[Excerpts from a dataset]
======

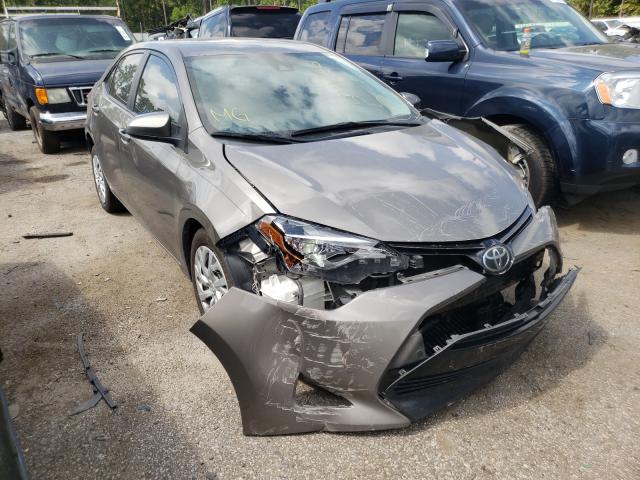 TOYOTA COROLLA L 2018 with VIN 5YFBURHE0JP779666 - Photo from auction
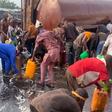 VIDEO: Lagos residents risk fire disaster as they scoop diesel from fallen tanker in Apapa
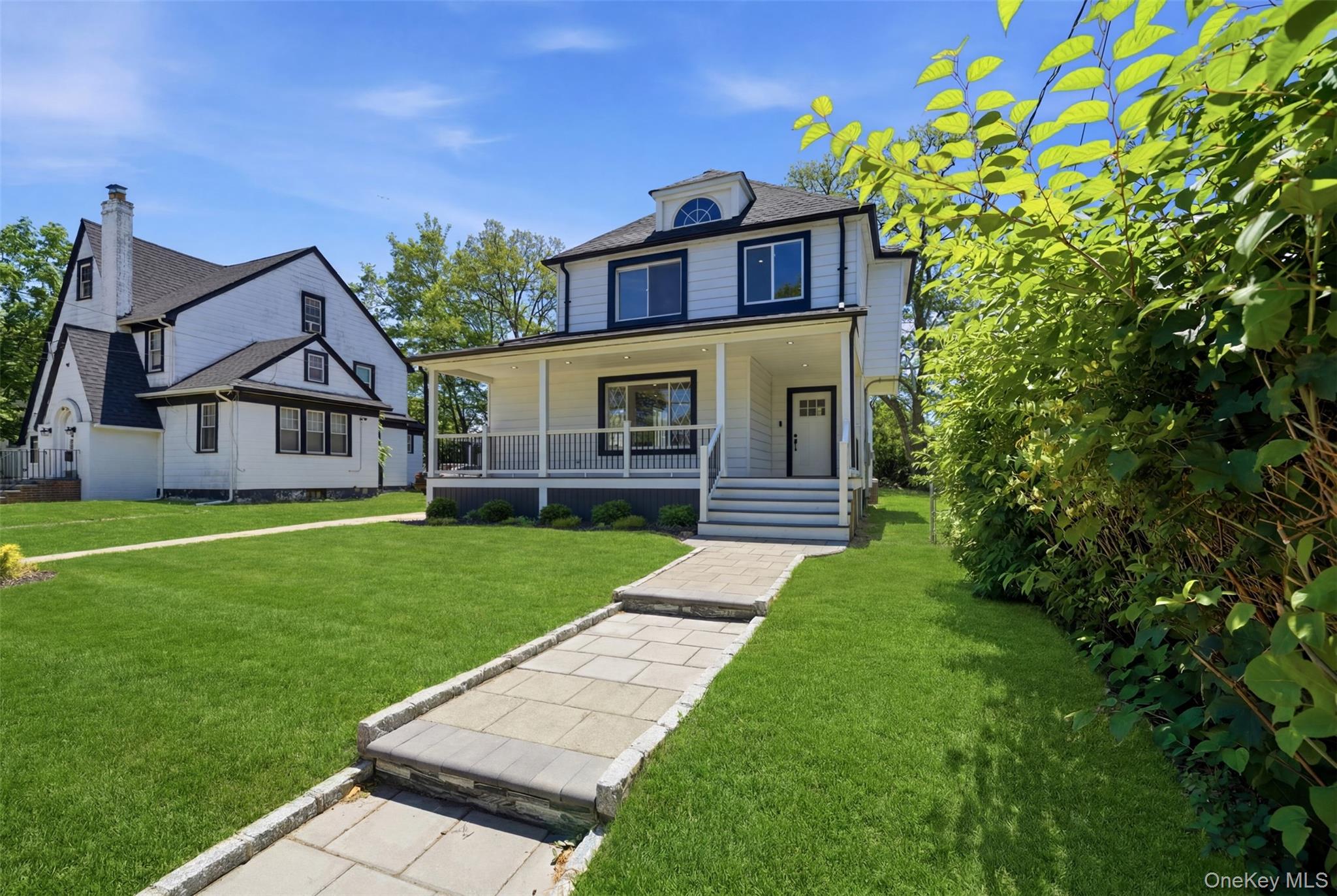 135 Whaley Street Freeport, NY 11520 - Photo 2 of 38 a front view of a house with a yard
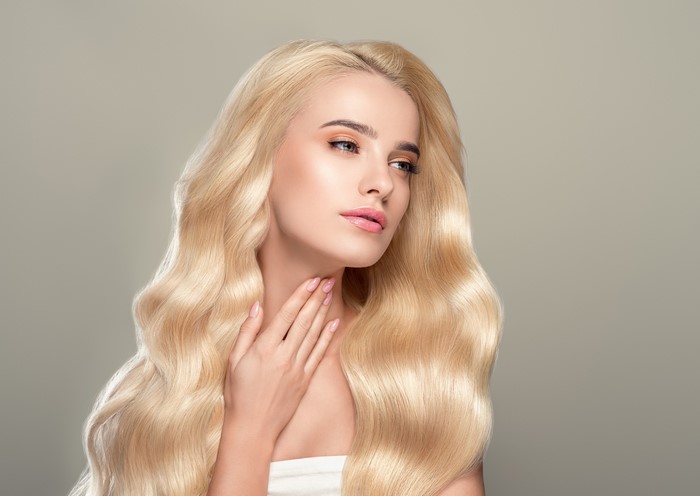 Blonde woman with wavy hair and hands on neck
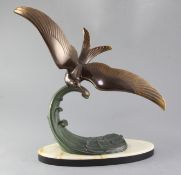 Lucien Gibert. A patinated bronze model of a seagull flying over a wave, signed Trebig, height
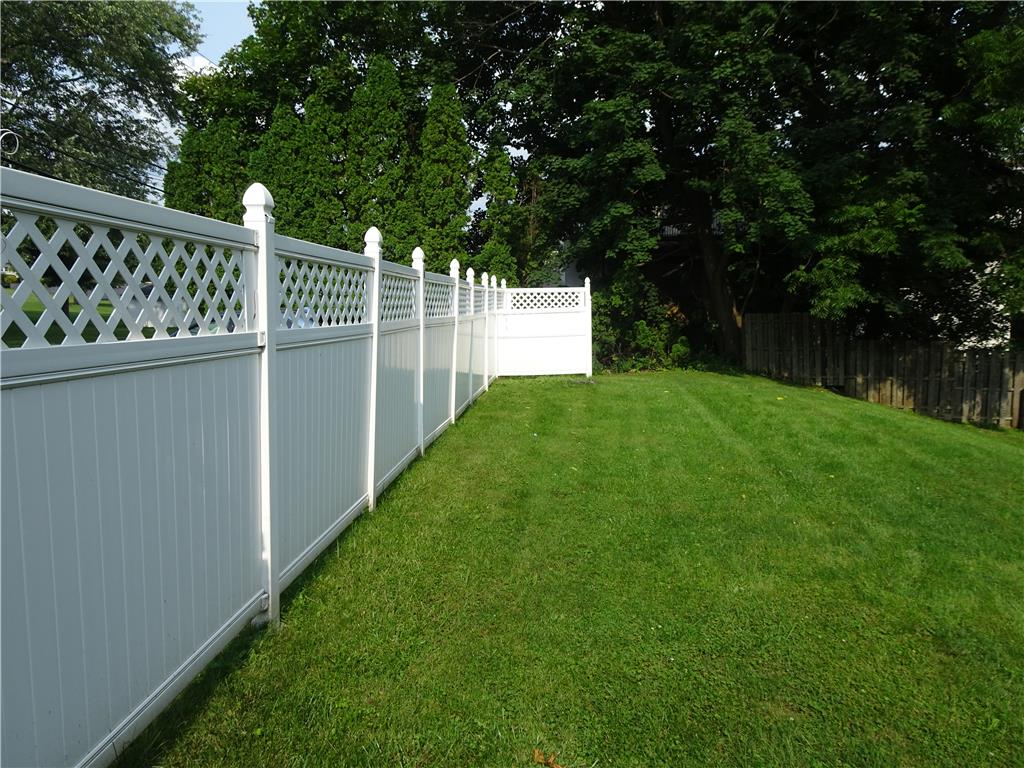 A well-kept lawn bordered by a pristine white fence creates a serene outdoor space.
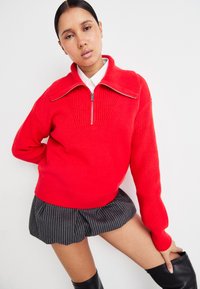 Maglione rosso lavorato a maglia con colletto alto e design a mezza zip, caratterizzato da una texture a coste e dettagli pronunciati sulle spalle, abbinato a una gonna a righe.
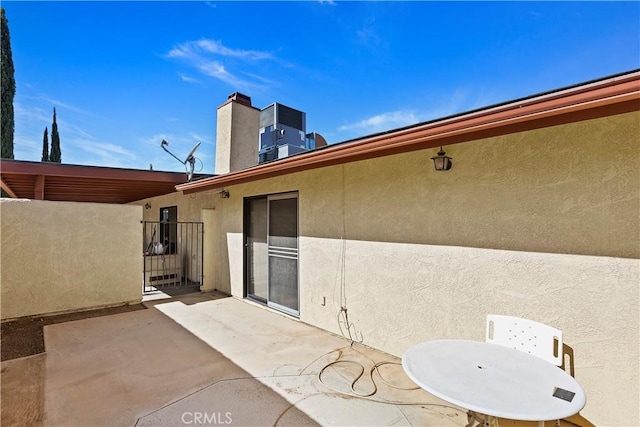 view of patio with central AC unit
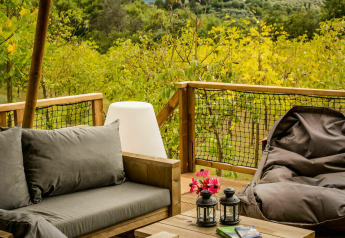 Buitenlounge op het terras van een safaritent met zetel, zitzak en lantaarns, omgeven door natuur.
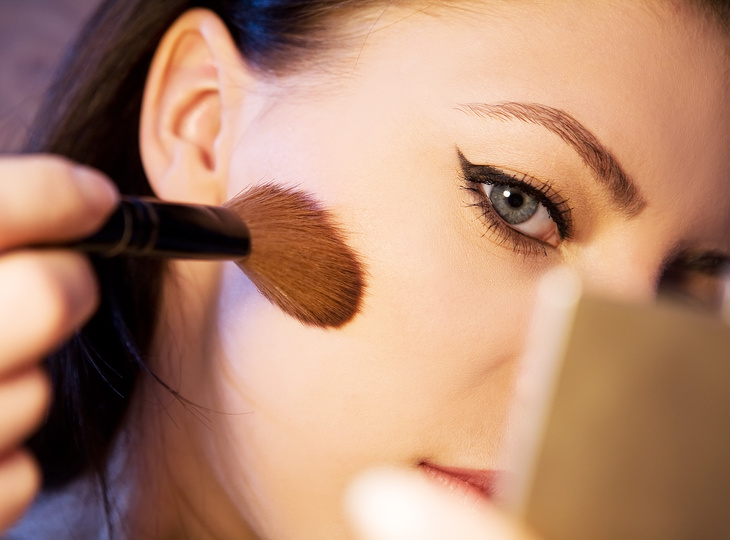  A Woman Using a Makeup Brush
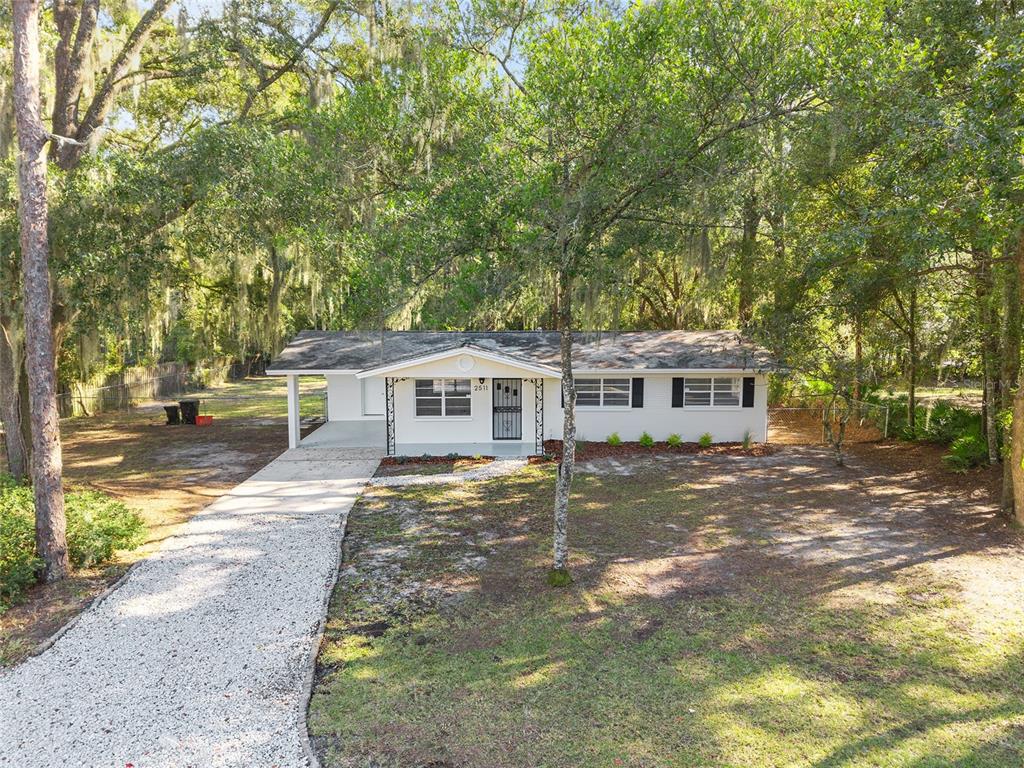 2511 Northeast 3rd Place Gainesville, FL 32641 - Photo 28 of 29 a view of a yard in front of a house with large trees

======

*THE TASK*. What is needed is an exact repeat of every entry above, with the pictures left out.

*WRITTEN REPLY*.
 TOYOTA COROLLA L 2018 with VIN 5YFBURHE0JP779666 - Photo from auction
 VIDEO: Lagos residents risk fire disaster as they scoop diesel from fallen tanker in Apapa
 135 Whaley Street Freeport, NY 11520 - Photo 2 of 38 a front view of a house with a yard
 Blonde woman with wavy hair and hands on neck
 Lucien Gibert. A patinated bronze model of a seagull flying over a wave, signed Trebig, height
 A well-kept lawn bordered by a pristine white fence creates a serene outdoor space.
 Maglione rosso lavorato a maglia con colletto alto e design a mezza zip, caratterizzato da una texture a coste e dettagli pronunciati sulle spalle, abbinato a una gonna a righe.
 view of patio with central AC unit
 Buitenlounge op het terras van een safaritent met zetel, zitzak en lantaarns, omgeven door natuur.
  A Woman Using a Makeup Brush
 2511 Northeast 3rd Place Gainesville, FL 32641 - Photo 28 of 29 a view of a yard in front of a house with large trees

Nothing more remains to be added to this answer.